Gov. Hogan said he was petitioned by the students of Loch Raven Technical Academy and the Maryland Lynching Memorial Project to grant pardon to Cooper and the request motivated him to dig deeper into identifying other people who were lynched in Maryland on account of their race, the Baltimore Sun reports.

“In the interest of equal justice under law, I have made the decision to grant a posthumous pardon today for Howard Cooper,” Hogan said. “And studying this case led me to dig deeper. Today I am also granting pardons to all the 34 victims of racial lynchings in the state of Maryland which occurred between 1834 and 1933.”

Hogan said he had asked his chief legal counsel to review all known and unknown cases of racial lynching in Maryland and he and other partners had pulled up the names of the racial victims of lynching in the state from 1834 to 1933. Maryland Attorney General Brian Frosh, State House Speaker Adrienne Jones, and Baltimore County Executive Johnny Olszewski Jr. among other state executives were at the pardoning ceremony.
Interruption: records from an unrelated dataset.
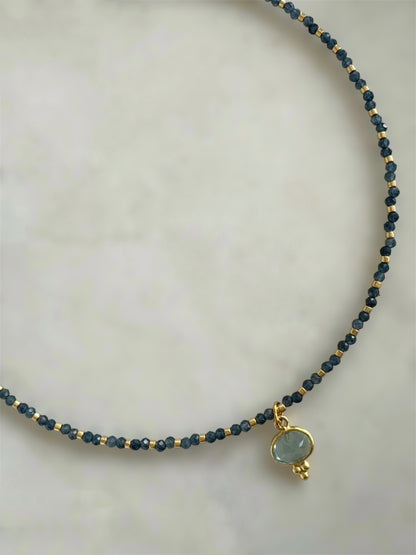 Collar Félix Ágata Azul y Topacio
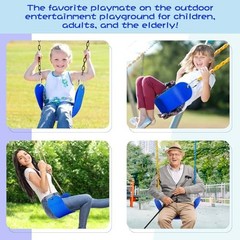Swing Seat Replacement, Soft EVA Swing Seat with 2 PCS Locking Buckles, Blue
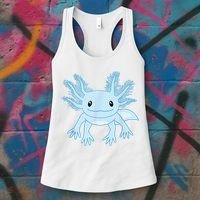 Cute Blue Axolotl Kawaii Aesthetic Axolotls Women's Tank Top thumb 3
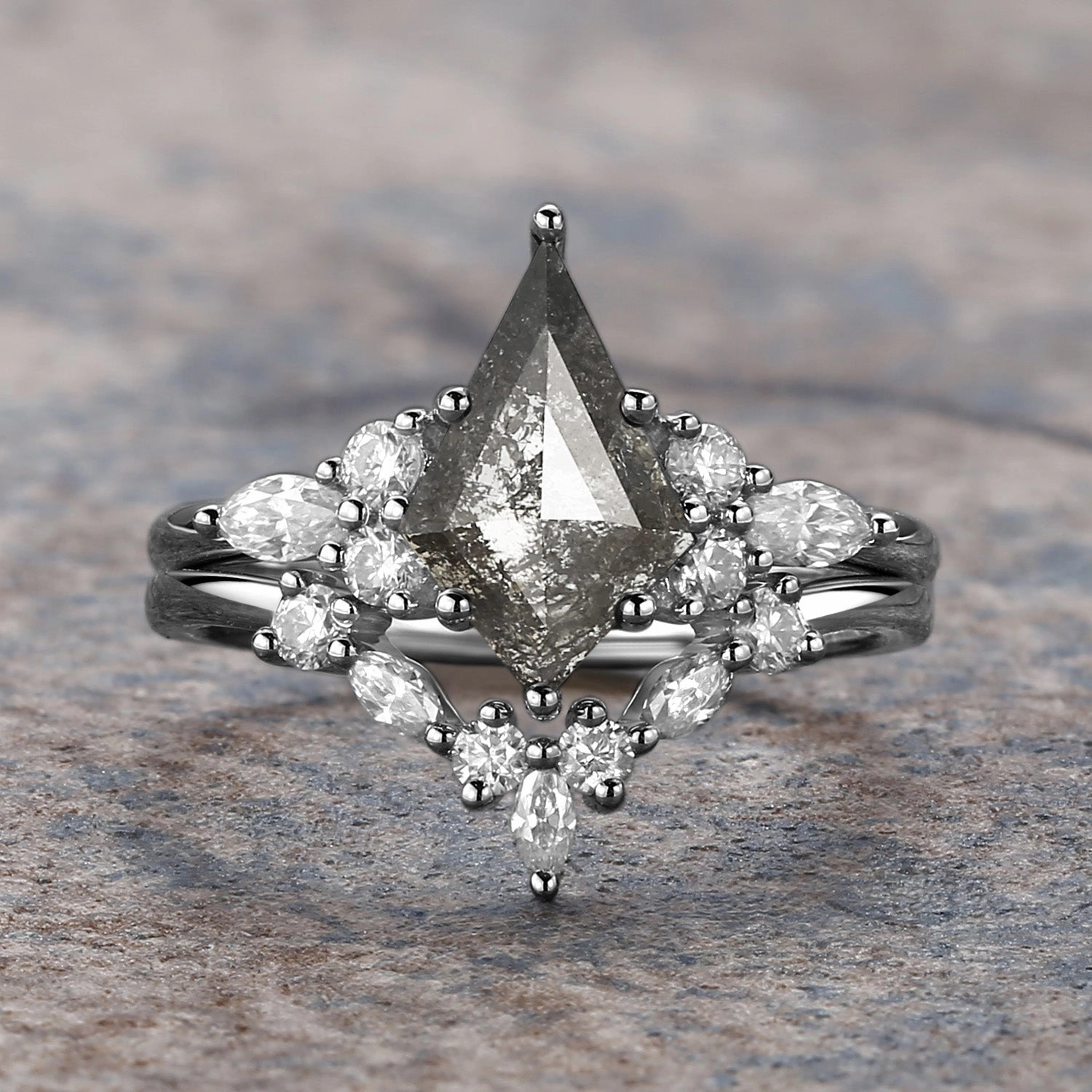 Simple Art Salt and Pepper Diamonds Cluster Marquise Engagement Ring Set 2pcs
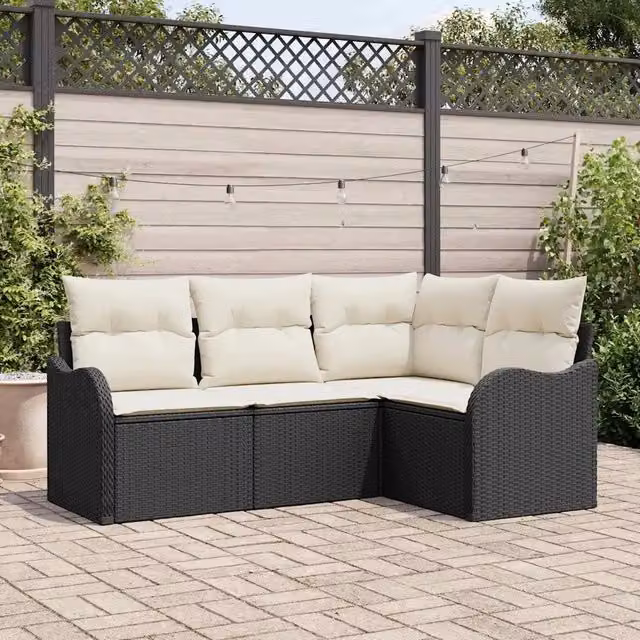 Set Divano da Giardino 4 pz Nero polyrattan 3354346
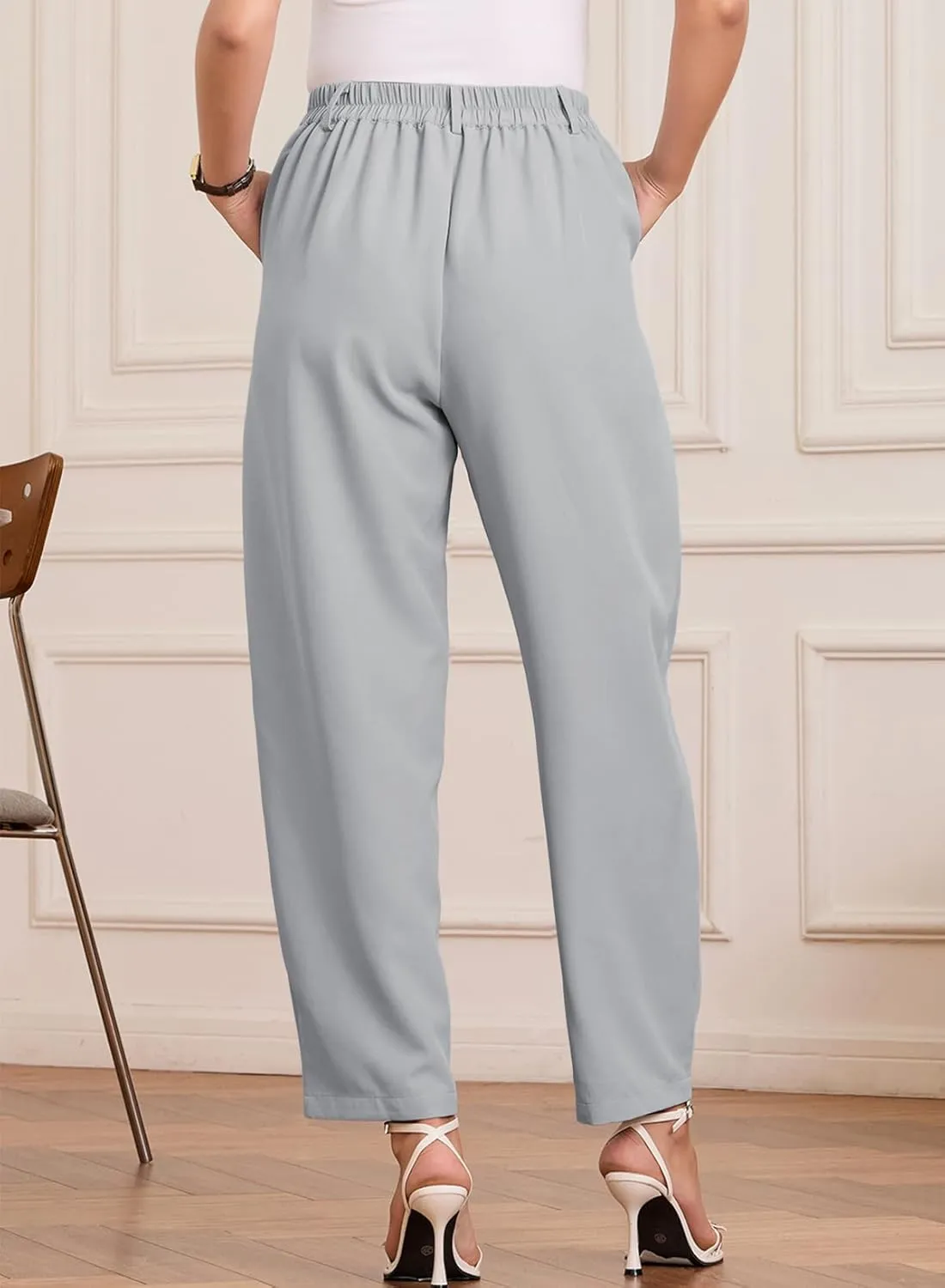 EVALESS Womens Wide Leg Barrel Pants Elastic High Waisted Trousers Business Work Casual Palazzo Pants with Pockets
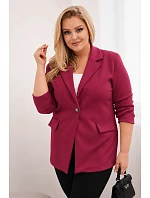 Dámské sako z viskózy Plus Size s dlouhým rukávem a límcem bordó Dámské sako z viskózy Plus Size s dlouhým rukávem a límcem bordó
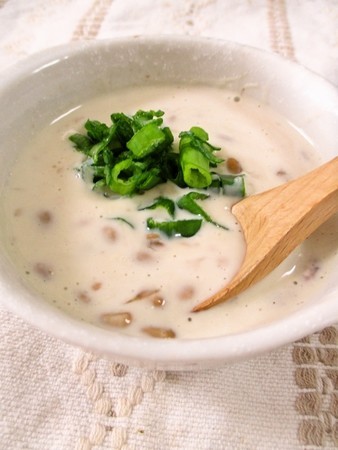 酒かす入り✿納豆＆豆乳のなめらかスープの画像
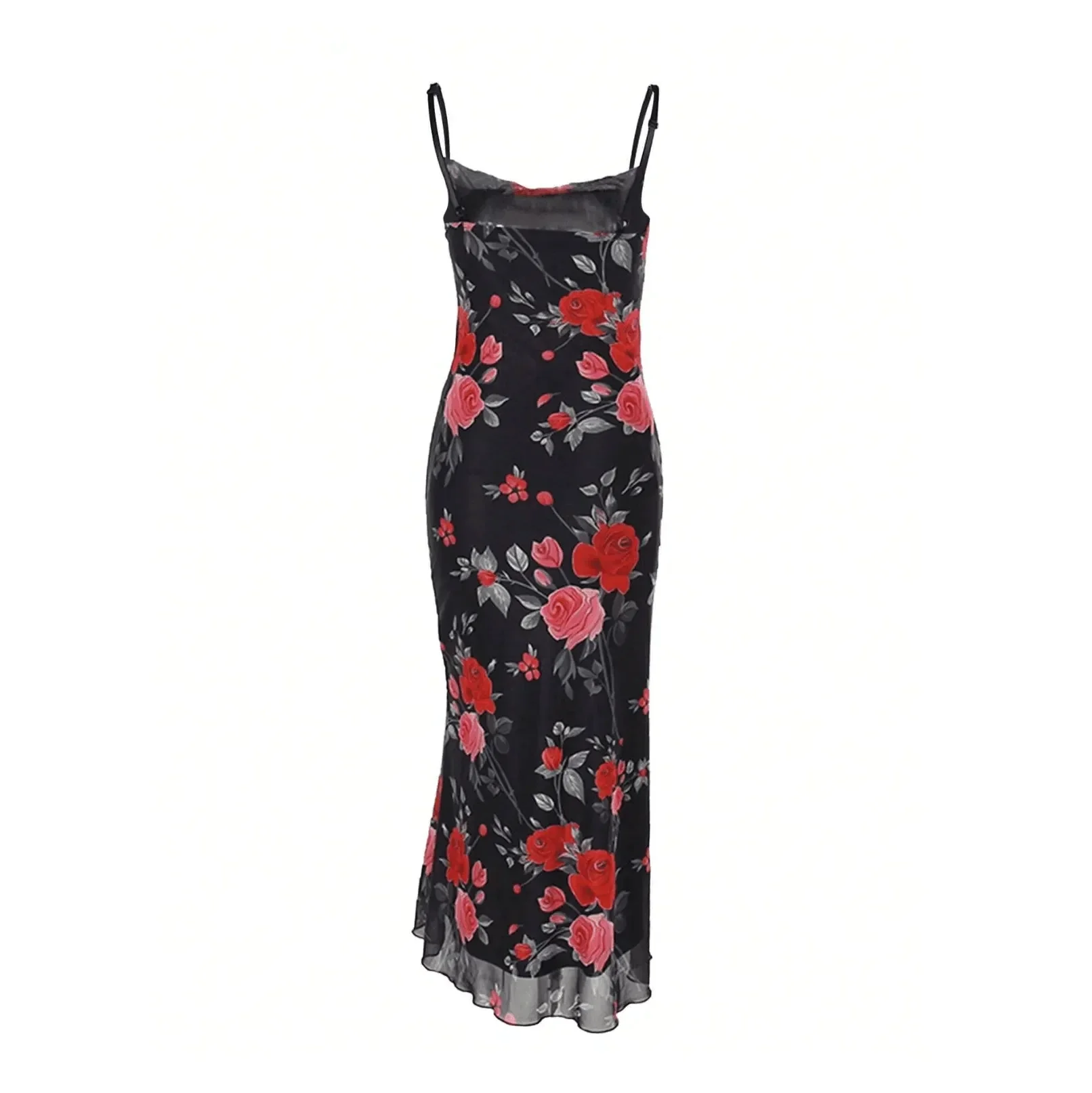 Elegant Floral Print Maxi Dress Black Adjustable Straps
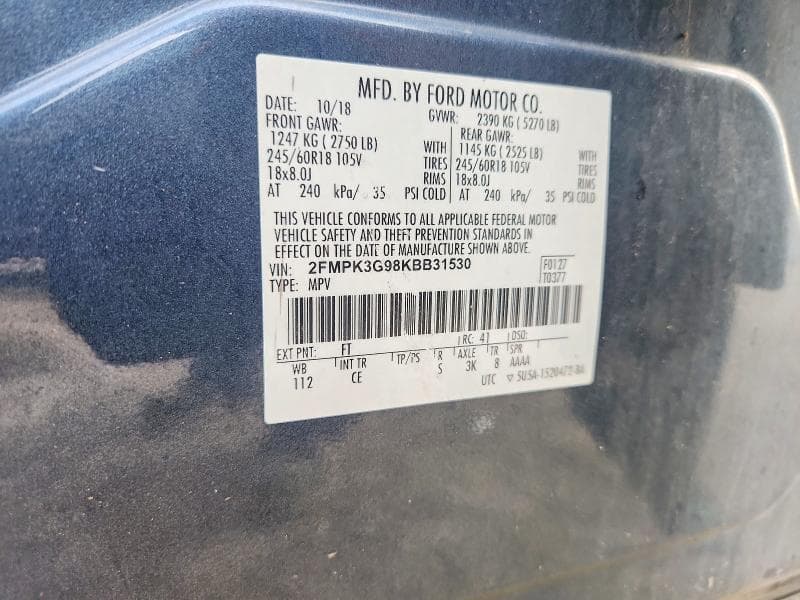 2019 FORD EDGE SE 12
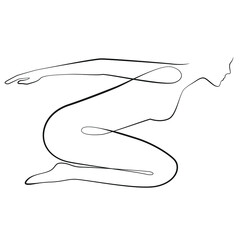 Young woman sits on the floor with her legs bent under her and stretching her arms back, one line drawing on white isolated background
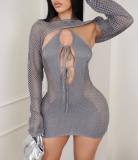 Sexy Knitting Halter Neck Hollow Out Mini Dress with Shrug Top 2PCS Set
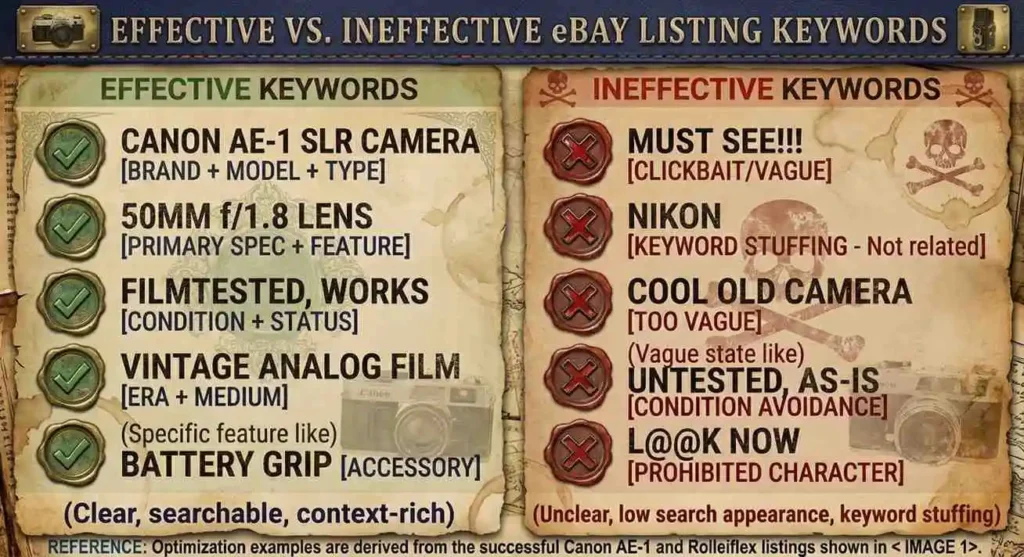 eBay listing titles keyword guide showing effective product description keywords versus ineffective promotional keywords to avoid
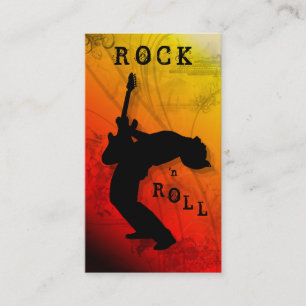 Cartão De Visita Amarelo vermelho da música da guitarra dos cartõ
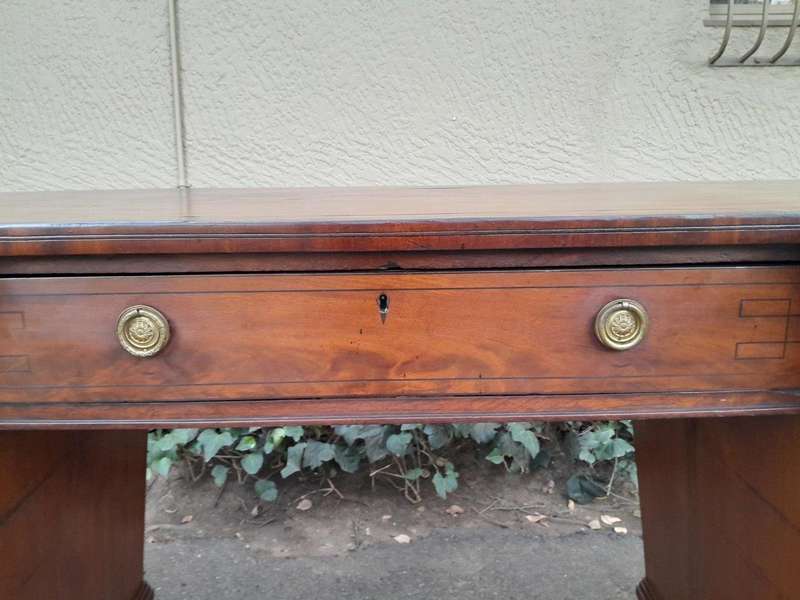 An 18th / 19th Century William IV Mahogany Sideboard With Ebony Inlay And Original Lion Claw Feet...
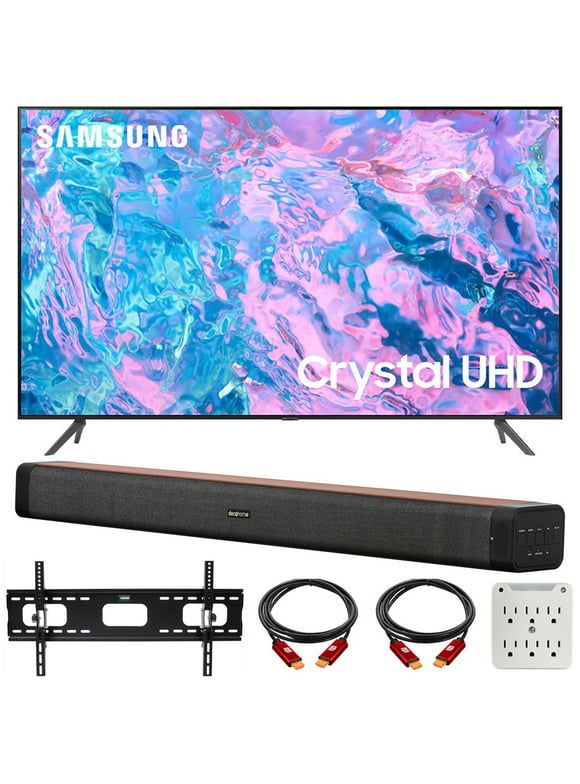 Samsung UN55CU7000 55 inch Crystal UHD 4K Smart TV Bundle with Deco Home 60W 2.0 Channel Soundbar, 37"-100" TV Wall Mount Bracket Bundle and 6-Outlet Surge Adapter (2023 Model)
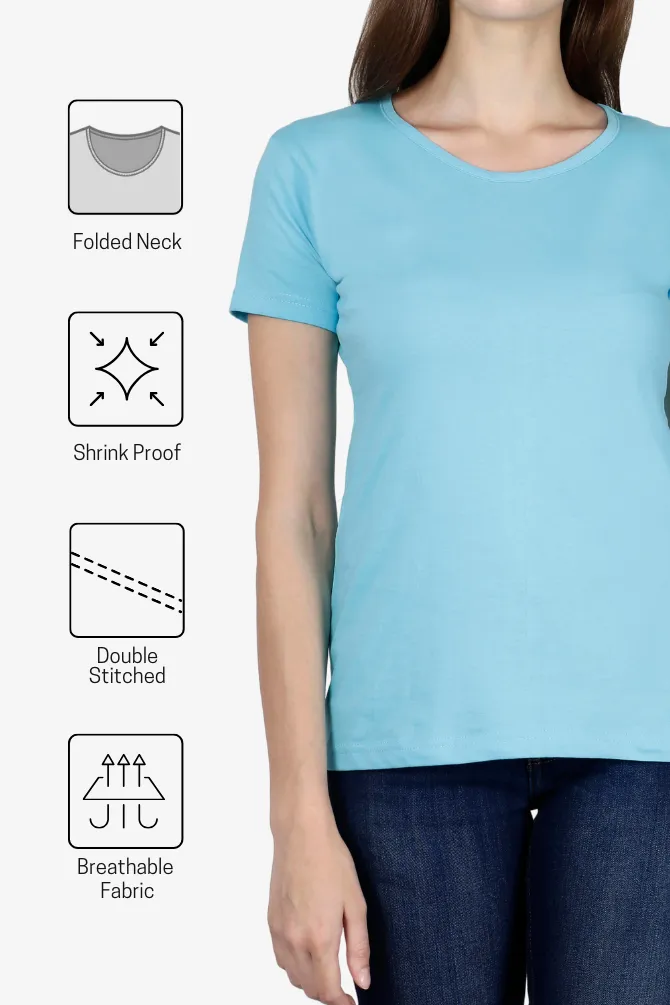 SkyBlue Scoop Neck T-shirt for women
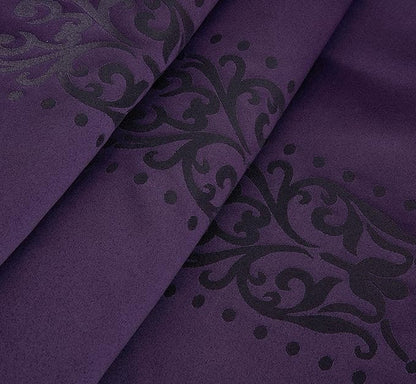 Chezmoi Collection Royale 7-Piece Jacquard Floral Comforter Set, Oversized Queen, Purple/Dark Purple
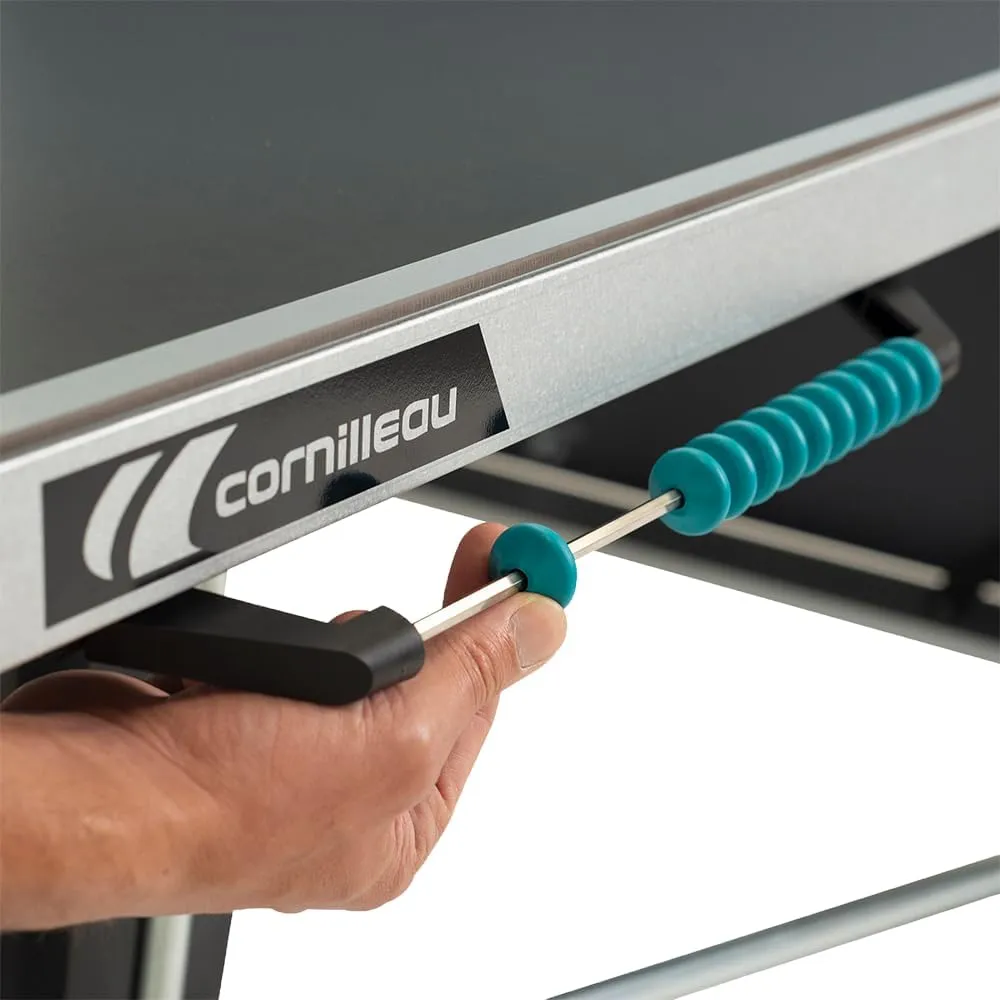 CORNILLEAU - 400X Outdoor Table Tennis Table - 5mm Weatherproof Surface, Anti-Glare Coating, Adjustable Legs, Paddle & Ball Storage, Foldable Design, Point Counters - 5 mm Blue or Grey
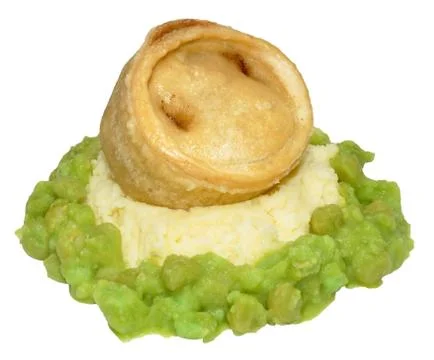 Steak And Kidney Pudding With Mashed Potato And Peas Stock Photos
Hogan reeled out the names of the 34 racial lynched victims as David Thomas, Jim Wilson, Isaac Moore, Jim Quinn, Thomas Jurick, John Jones, John Henry Scott, John Simms, Michael Green, James Carroll, George Peck, John Diggs, George Briscoe, Townsend Cook, Charles Whitley, Benjamin Hance, John Biggus, Asbury Green, James Taylor, Isaac Kemp, Stephen Williams, Jacob Henson, James Bowens, Sidney Randolph, William Andrews, Garfield King, Wright Smith, Lewis Harris, Henry Davis, William Burns, King Johnson, George Armwood, and 13-year-old Frederick whose surname is no longer known.